From: Craig Ringer <craig(at)2ndquadrant(dot)com>
To: PostgreSQL Hackers <pgsql-hackers(at)postgresql(dot)org>
Subject: Logical decoding on standby
Date: 2016-11-21 08:17:58
Message-ID: CAMsr+YEVmBJ=dyLw=+kTihmUnGy5_EW4Mig5T0maieg_Zu=XCg@mail.gmail.com
Views: Raw Message | Whole Thread | Download mbox
Thread:
Lists: pgsql-hackers

Hi all

I've prepared a working initial, somewhat raw implementation for
logical decoding on physical standbys. Since it's a series of 20
smallish patches at the moment I won't attach it. You can find the
current version at time of writing here:

https://github.com/postgres/postgres/compare/c5f365f3ab...2ndQuadrant:dev/logical-decoding-on-standby-pg10-v1?expand=1

i.e the tag dev/logical-decoding-on-standby-pg10-v1 in github
repo 2ndQuadrant/postgres.

and whatever I'm working on (subject to rebase, breakage, etc) lives
in the branch dev/logical-decoding-on-standby-pg10 .

Quickstart
===

Compile and install like usual; make sure to install test_decoding
too. To see the functionality in action, configure with
--enable-tap-tests and:

make -C src/test/recovery check

To try manually, initdb a master, set pg_hba.conf to 'trust' on all
replication connections, append to postgresql.conf:

wal_level = 'logical'
max_replication_slots = 4
max_wal_senders = 4
hot_standby_feedback = on

then start the master. Now

psql -d 'master_connstr' -c "SELECT
pg_create_physical_replication_slot('standby1');"

and

pg_basebackup -d 'master_connstr' -X stream -R --slot=standby1

and start the replica.

You can now use pg_recvlogical to create a slot on the replica and
decode changes from it, e.g.

pg_recvlogical -d 'replica_connstr' -S test -P test_decoding --create-slot
pg_recvlogical -d 'replica_connstr' -S 'test' -f - --start

and you'll (hopefully) see subsequent changes you make on the master.
If not, tell me.

Patch series contents
===

This patch series incorporates the following changes:

* Timeline following for logical slots, so they can start decoding on
the correct timeline and follow timeline switches (with tests);
originally [3]

* Add --endpos to pg_recvlogical, with tests; originally [3]

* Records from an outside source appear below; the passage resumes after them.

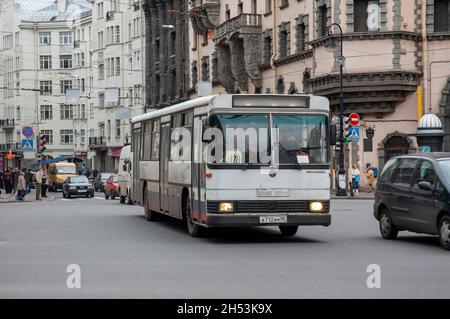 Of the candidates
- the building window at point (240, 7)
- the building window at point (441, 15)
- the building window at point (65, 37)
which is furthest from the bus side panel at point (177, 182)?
the building window at point (65, 37)

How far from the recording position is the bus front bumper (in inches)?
730

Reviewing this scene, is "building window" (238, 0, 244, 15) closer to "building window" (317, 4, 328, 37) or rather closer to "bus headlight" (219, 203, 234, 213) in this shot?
"building window" (317, 4, 328, 37)

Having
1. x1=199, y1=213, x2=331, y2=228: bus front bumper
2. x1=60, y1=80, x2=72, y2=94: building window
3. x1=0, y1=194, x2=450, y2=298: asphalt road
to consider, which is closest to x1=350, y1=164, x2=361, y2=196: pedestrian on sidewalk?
x1=0, y1=194, x2=450, y2=298: asphalt road

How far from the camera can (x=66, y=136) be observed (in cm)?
11994

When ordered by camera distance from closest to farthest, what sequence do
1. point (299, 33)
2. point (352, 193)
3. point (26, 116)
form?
point (352, 193) → point (299, 33) → point (26, 116)

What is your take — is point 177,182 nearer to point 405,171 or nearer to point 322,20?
point 405,171

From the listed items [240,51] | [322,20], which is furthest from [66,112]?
[322,20]

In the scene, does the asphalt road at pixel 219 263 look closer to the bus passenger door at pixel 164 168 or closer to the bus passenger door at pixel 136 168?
the bus passenger door at pixel 164 168

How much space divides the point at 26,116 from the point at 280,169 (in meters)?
108

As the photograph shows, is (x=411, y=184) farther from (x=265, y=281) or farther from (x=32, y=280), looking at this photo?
(x=32, y=280)

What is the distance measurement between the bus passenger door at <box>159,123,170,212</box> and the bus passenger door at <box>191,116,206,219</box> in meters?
3.01

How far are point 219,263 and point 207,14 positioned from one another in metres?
56.0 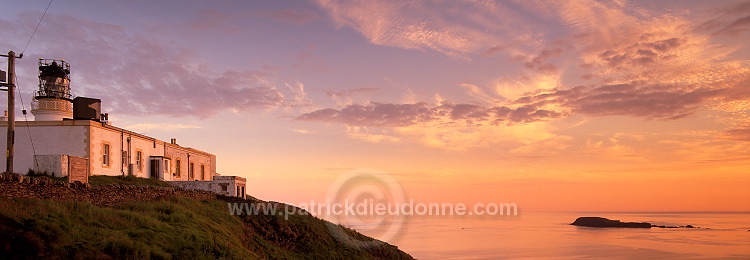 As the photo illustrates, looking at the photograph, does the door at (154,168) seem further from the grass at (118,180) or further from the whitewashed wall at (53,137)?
the whitewashed wall at (53,137)

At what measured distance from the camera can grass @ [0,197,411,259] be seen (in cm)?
1561

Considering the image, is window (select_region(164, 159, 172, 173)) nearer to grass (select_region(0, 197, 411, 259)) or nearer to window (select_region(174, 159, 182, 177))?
window (select_region(174, 159, 182, 177))

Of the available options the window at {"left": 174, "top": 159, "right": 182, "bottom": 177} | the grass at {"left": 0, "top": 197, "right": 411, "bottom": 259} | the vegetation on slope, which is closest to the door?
the window at {"left": 174, "top": 159, "right": 182, "bottom": 177}

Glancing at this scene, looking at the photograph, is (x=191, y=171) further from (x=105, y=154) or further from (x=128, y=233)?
(x=128, y=233)

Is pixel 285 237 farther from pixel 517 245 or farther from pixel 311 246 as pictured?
pixel 517 245

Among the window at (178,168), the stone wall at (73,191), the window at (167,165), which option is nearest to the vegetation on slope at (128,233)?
the stone wall at (73,191)

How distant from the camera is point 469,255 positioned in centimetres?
10306

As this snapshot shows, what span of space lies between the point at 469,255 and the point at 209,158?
60.8m

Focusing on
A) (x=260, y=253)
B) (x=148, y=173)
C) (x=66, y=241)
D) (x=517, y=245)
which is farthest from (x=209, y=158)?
(x=517, y=245)

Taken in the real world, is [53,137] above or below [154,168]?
above

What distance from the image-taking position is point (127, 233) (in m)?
18.8

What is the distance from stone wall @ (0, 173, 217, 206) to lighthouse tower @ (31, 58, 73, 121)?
15.1 metres

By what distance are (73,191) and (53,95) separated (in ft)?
76.0

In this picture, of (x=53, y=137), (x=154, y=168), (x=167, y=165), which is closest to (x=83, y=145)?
(x=53, y=137) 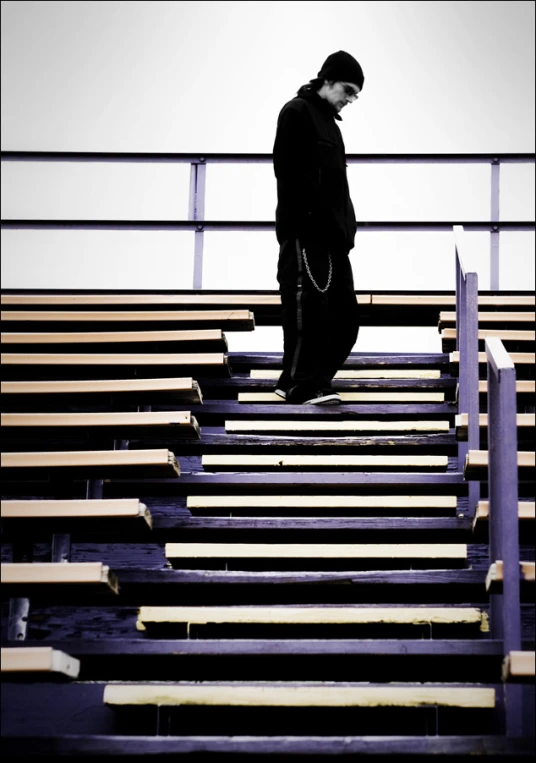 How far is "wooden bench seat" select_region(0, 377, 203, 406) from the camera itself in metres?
3.75

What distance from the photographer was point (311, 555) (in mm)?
3258

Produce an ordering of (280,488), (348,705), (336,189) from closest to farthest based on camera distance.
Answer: (348,705), (280,488), (336,189)

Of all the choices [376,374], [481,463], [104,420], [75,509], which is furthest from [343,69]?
[75,509]

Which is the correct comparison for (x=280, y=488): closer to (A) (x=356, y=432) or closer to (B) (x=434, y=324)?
(A) (x=356, y=432)

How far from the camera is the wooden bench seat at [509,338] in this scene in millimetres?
4504

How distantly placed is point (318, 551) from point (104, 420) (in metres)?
0.73

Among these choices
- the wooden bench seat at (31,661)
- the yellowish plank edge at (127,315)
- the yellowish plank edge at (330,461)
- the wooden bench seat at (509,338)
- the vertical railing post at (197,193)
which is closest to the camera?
the wooden bench seat at (31,661)

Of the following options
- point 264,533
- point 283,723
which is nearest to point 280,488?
point 264,533

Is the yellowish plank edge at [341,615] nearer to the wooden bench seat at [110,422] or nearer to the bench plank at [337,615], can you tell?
the bench plank at [337,615]

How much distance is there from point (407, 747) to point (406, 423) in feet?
5.21

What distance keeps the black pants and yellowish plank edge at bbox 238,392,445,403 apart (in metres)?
0.07

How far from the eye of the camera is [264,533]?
3375 millimetres

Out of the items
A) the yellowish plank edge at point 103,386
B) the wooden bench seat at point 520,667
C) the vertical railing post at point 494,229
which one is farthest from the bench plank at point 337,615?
the vertical railing post at point 494,229

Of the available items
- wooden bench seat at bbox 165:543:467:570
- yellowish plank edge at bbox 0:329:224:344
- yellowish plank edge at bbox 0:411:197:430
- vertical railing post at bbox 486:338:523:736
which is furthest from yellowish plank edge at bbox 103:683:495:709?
yellowish plank edge at bbox 0:329:224:344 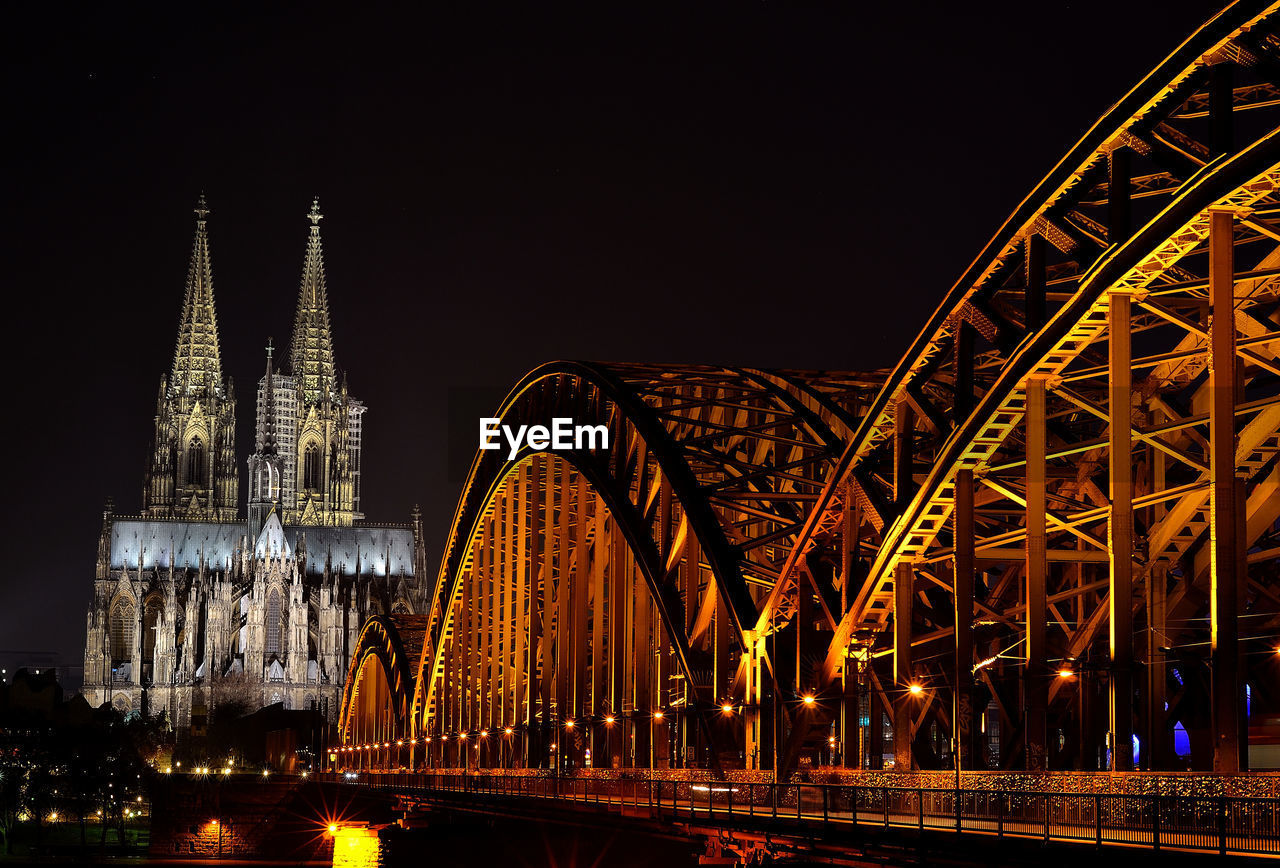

* Splitting of xmin and catalog_xmin on hot standby feedback, so
logical slots on a replica only hold down catalog_xmin on the master,
not the xmin for user tables (with tests). Minimises upstream bloat;
originally [4]

* Suppress export of snapshot when starting logical decoding on
replica. Since we cannot allocate an xid, we cannot export snapshots
on standby. Decoding clients can still do their initial setup via a
slot on the master then switch over, do it via physical copy, etc.

* Require hot_standby_feedback to be enabled when starting logical
decoding on a standby.

* Drop any replication slots from a database when redo'ing database
drop, so we don't leave dangling slots on the replica (with tests).

* Make the walsender respect SIGUSR1 and exit via
RecoveryConflictInterrupt() when it gets
PROCSIG_RECOVERY_CONFLICT_DATABASE (with tests); see [6]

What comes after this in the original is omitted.